Common detection methods:
| Method | Description |
|---|---|
| Heartbeat checks | Periodic ping |
| Health endpoints | `/health` API |
| Monitoring alerts | Infrastructure monitoring |
Active-Active vs Active-Passive Comparison
| Feature | Active-Active | Active-Passive |
|---|---|---|
| Nodes serving traffic | Multiple | One |
| Resource utilization | High | Lower |
| Complexity | Higher | Simpler |
| Failover time | Instant | Slight delay |
| Conflict handling | Required | Minimal |
When to Use Active-Active
Active-active works best when:
| Scenario | Example |
|---|---|
| High traffic systems | Streaming platforms |
| Global applications | Multi-region services |
| Horizontal scaling | Microservices |
Large-scale systems like Google often use multi-region active-active architectures.
When to Use Active-Passive
Active-passive works best for:
| Scenario | Example |
|---|---|
| Databases | Primary-replica setup |
| Stateful services | Legacy systems |
| Simpler infrastructure | Small to medium systems |
Hybrid High Availability Architecture
Many real systems combine both patterns.
Example:
Applications run active-active, while databases use active-passive replication.
Multi-Region Disaster Recovery
To survive regional failures, systems replicate across regions.
Example architecture:
If primary region fails:
- DNS redirects traffic to secondary region.
Monitoring High Availability Systems
Important monitoring metrics:
| Metric | Purpose |
|---|---|
| Node health | Detect failures |
| Replication lag | Data consistency |
| Error rates | System reliability |
| Latency | Performance |
Monitoring tools help detect failures early.
Best Practices
Remove Single Points of Failure
Always deploy redundant components.
Use Load Balancers
Distribute traffic intelligently.
Monitor System Health
Continuous monitoring ensures faster recovery.
Test Failover Regularly
Chaos engineering helps validate HA systems.

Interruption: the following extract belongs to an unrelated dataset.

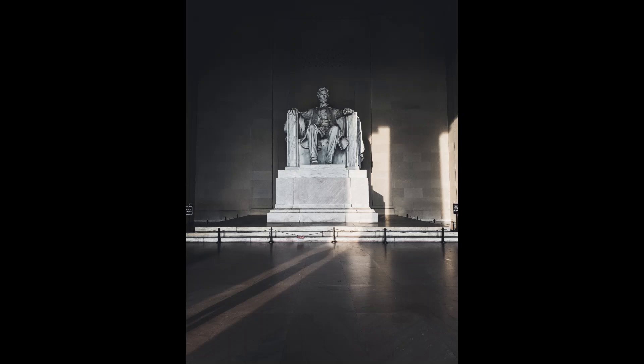Between these pilasters, and above Lincoln's head, is engraved an epitaph of Lincoln by Royal Cortissoz. An urban legend holds that the face of General Robert E. Lee is carved onto the back of Lincoln's head, and looks back across the Potomac toward his former home, Arlington House, now within the bounds of Arlington National Cemetery. Another popular legend is that Lincoln's hands are shown using sign language to represent his initials, his left hand signing an A and his right signing an L. The National Park Service denies both legends.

Companies like Netflix use tools like Chaos Monkey to simulate failures.
Final Architecture Overview
The system remains available even when servers, nodes, or regions fail.
Key Takeaways
| Concept | Insight |
|---|---|
| High Availability | Ensures systems remain operational during failures |
| Active-Active | Multiple nodes handle traffic simultaneously |
| Active-Passive | One active node with standby backup |
| Failover | Automatic switching to backup systems |
| Hybrid architecture | Combines both models in real-world systems |
High availability design is a core principle of distributed system architecture, enabling modern platforms to deliver reliable services at global scale.